Despite accelerated socioeconomic development, the country has not been able to provide affordable housing to its people, especially in urban centres.

It is estimated that about 5,000 Bhutanese are living across the border town in Jaigaon today. According to national housing development corporation limited (NHDCL), 1,259 households applied for the 506 flats under the affordable housing project. The  project that was inaugurated recently comes as a relief to many.

The effort taken to address the housing needs is laudable. But it is not enough. For an issue as pressing as housing needs, leaving it to the luck of the residents to avail the 506 flats will not address the problem. Assuming that about 200 of the 1,259 who registered for the flats have moved out, there are still about 553 households and families whose housing needs will not be met. It is not yet known if NHDCL will initiate another similar project but with the freeze on local area plans lifted and private house owners constructing houses, there is some hope that housing needs would be addressed.

The housing project in Phuentsholing is a response to a situation we are responsible for creating. Unplanned development and rural-urban migration contributed in pushing Bhutanese across the border. We must learn lessons from this episode and plan better in meeting the housing needs of the people.

This calls for an urgent need to assess the housing need across the country. According to the population and housing census report 2017, Phuentshogling thromde and Thimphu thromde saw a net of 511 and 449 migrants per 1,000 populations. Family move, employment and education are the most common reasons for migrating to these urban centres.

For each of these families, access to affordable housing is the most immediate priority and challenge. With these needs going unmet, our cities have seen the emergence of slums. We have seen the social ills breeding from such living conditions.

The 2002 National Housing Policy does not address the current housing issues. It is good that a draft of the revised housing policy is now with the GNH commission. But a housing policy alone is not good enough because implementation relies on other public policy interventions. There is already a dire need to address access to improved drinking water and sanitation facilities especially in urban centres. Road connectivity and access to employment opportunities, healthcare and education facilities are also important considerations but at a time when we are still struggling to provide basic amenities such as drinking water supply, other services have become a luxury today.
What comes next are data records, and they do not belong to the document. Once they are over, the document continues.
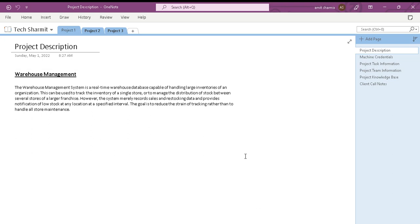Hello, welcome to Tech Sharmit. In this session we will discuss the process through which we can manage our project in a more effective way. For the same, I am going to utilize one application, that is OneNote. One question arises: why should we use the OneNote application instead of any other application? There are a couple of reasons that led me to utilize this application.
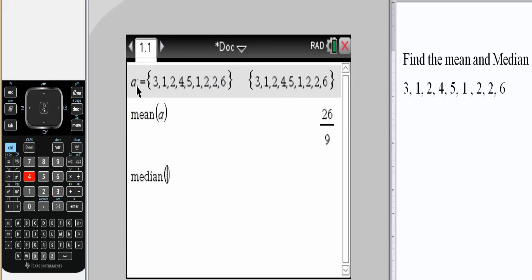Simply write our variable a. Hit enter. And we get two. That's how we can get the mean and median using the TI Inspire CX calculator.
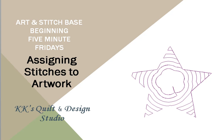Welcome back to KK's Quilt Studio. Today we had a question from a member of my Facebook group. Irene wanted to know she was having problems with an echo fill. It just so happens that was actually a portion of our 5-Minute Fridays topic, Assigning Stitches to Artwork. But in this video we're going to address Irene's specific questions about echo quilting. So let's move over to Art and Stitch and get started.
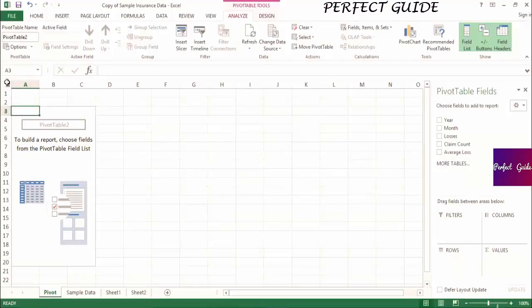Now that we've created a pivot table, let's focus on the pivot table builder that pops up on the right side of the screen. This is mainly what you'll use to manipulate the pivot table. At the top of the builder, you'll see the list of the columns you pulled into the pivot. The fields that are currently present in your pivot table will have a check next to the field name in the builder.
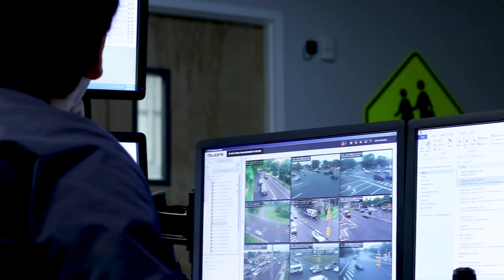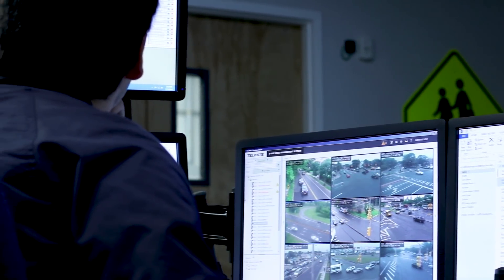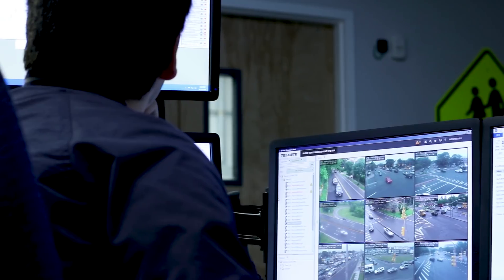I work in the Nassau County Traffic Management Center in Westbury, New York, where operators monitor traffic 24-7. It's my responsibility to keep the transportation systems running efficiently.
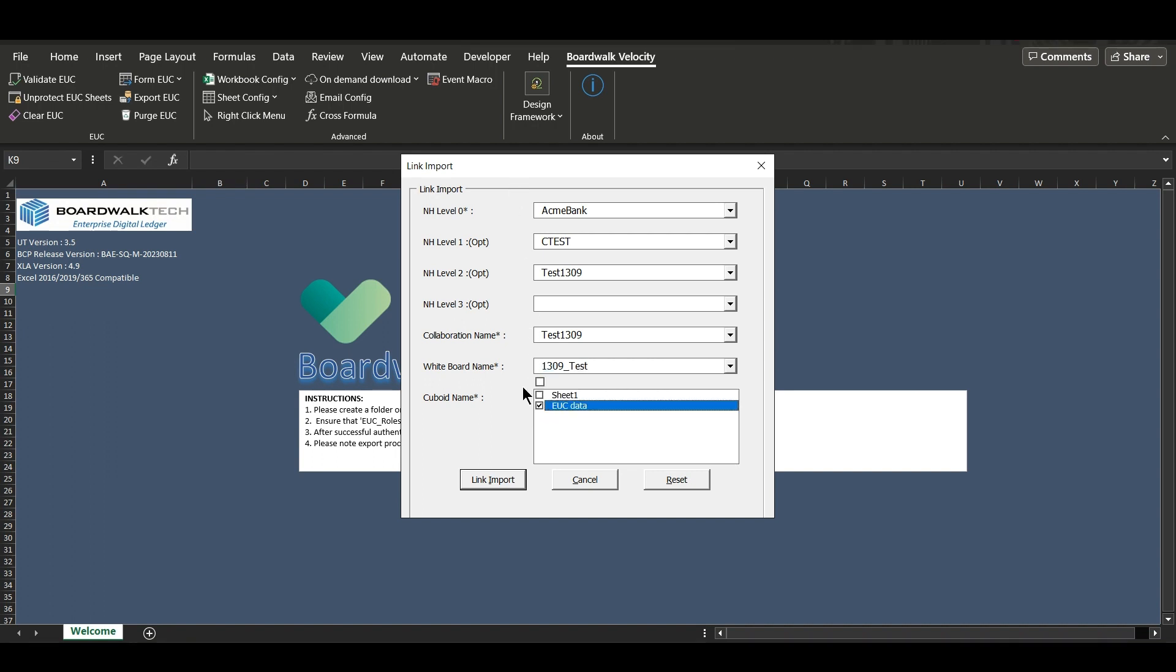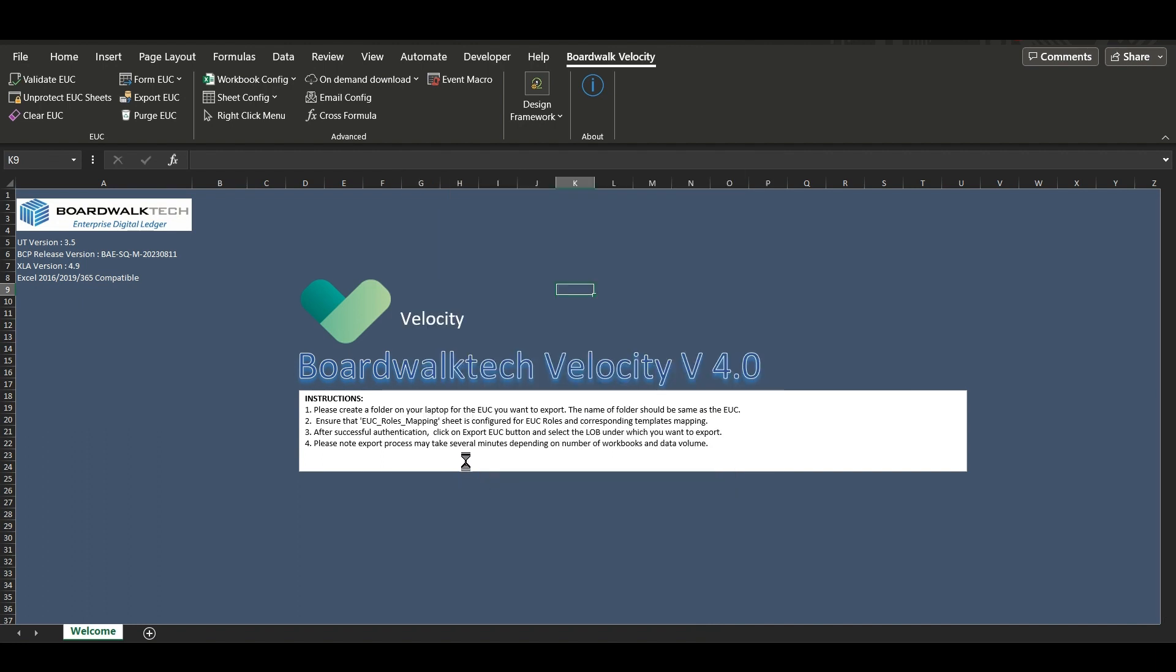Once you enter all the required values, you will be shown the available cuboids. You can select multiple cuboids to link import at once. But for this example, we will select this one cuboid. Once you have selected it, click on link import.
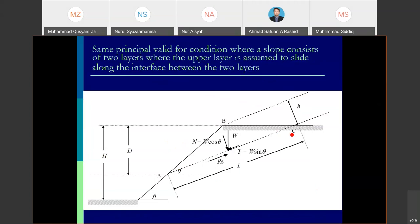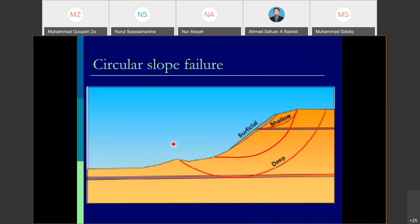For a simple case with two soil layers, where the upper layer slides along the interface between the two layers, the most critical part is the soil at the top, and failure is considered to occur there. That covers the linear failure plane. Now we move to circular slope failure, which has three types of failure modes: surface failure due to erosion, shallow failure, and deep-seated failure.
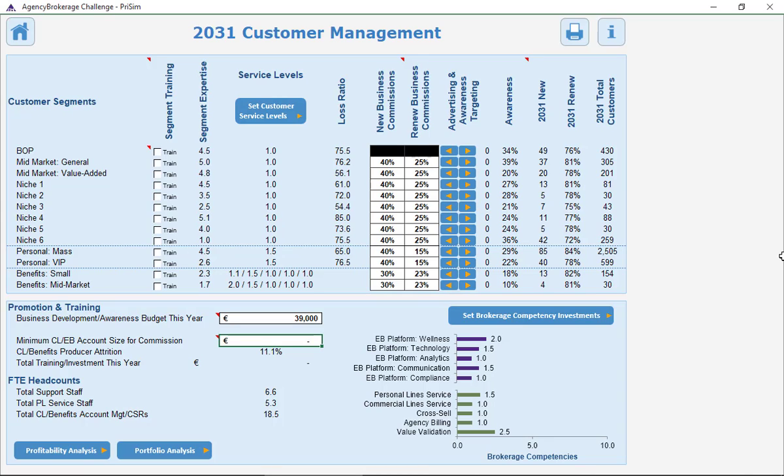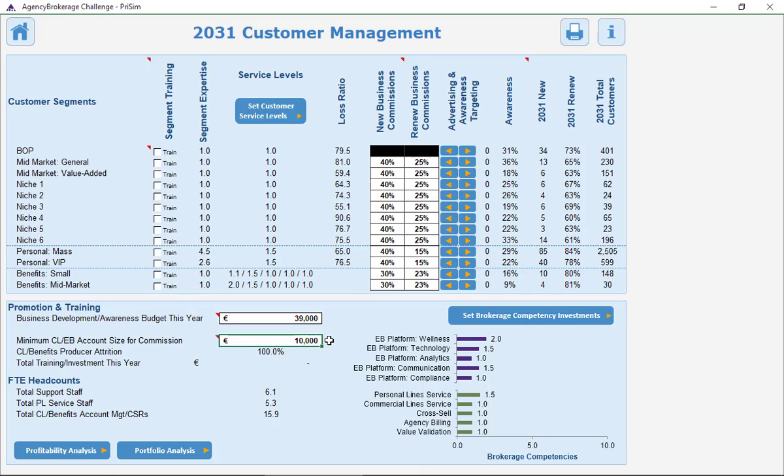So what's the right number? Well, if you set it too high—let's go ahead and put in 10,000 euros—now in the real world, a 10,000 euro commission might still make sense. But in the simulation, we've set it up so that there's a break point at which you start to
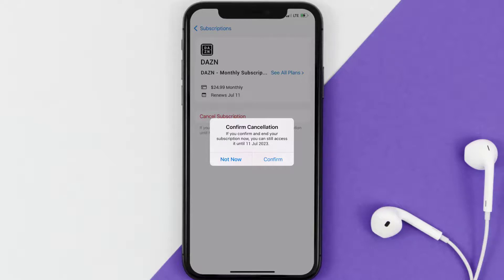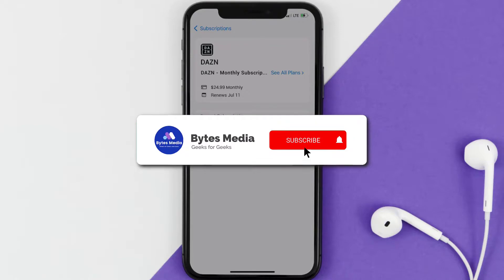The great thing is you can carry on using the app until the subscription date was originally due. Also, deleting the DAZN app or your DAZN account will not cancel your subscription, and subscriptions renew automatically unless you cancel your subscription manually on your own.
The draft policy notes that an increasing number of residential buildings are converted into institutional and commercial uses reducing housing stock. The parliament members’ office is a good example of how the absence of an office space for MPs has resulted in the National Assembly Secretariat renting a private building to provide space for our elected representatives. The second parliament dissolves today, but their issue of office space and the people’s housing needs remain.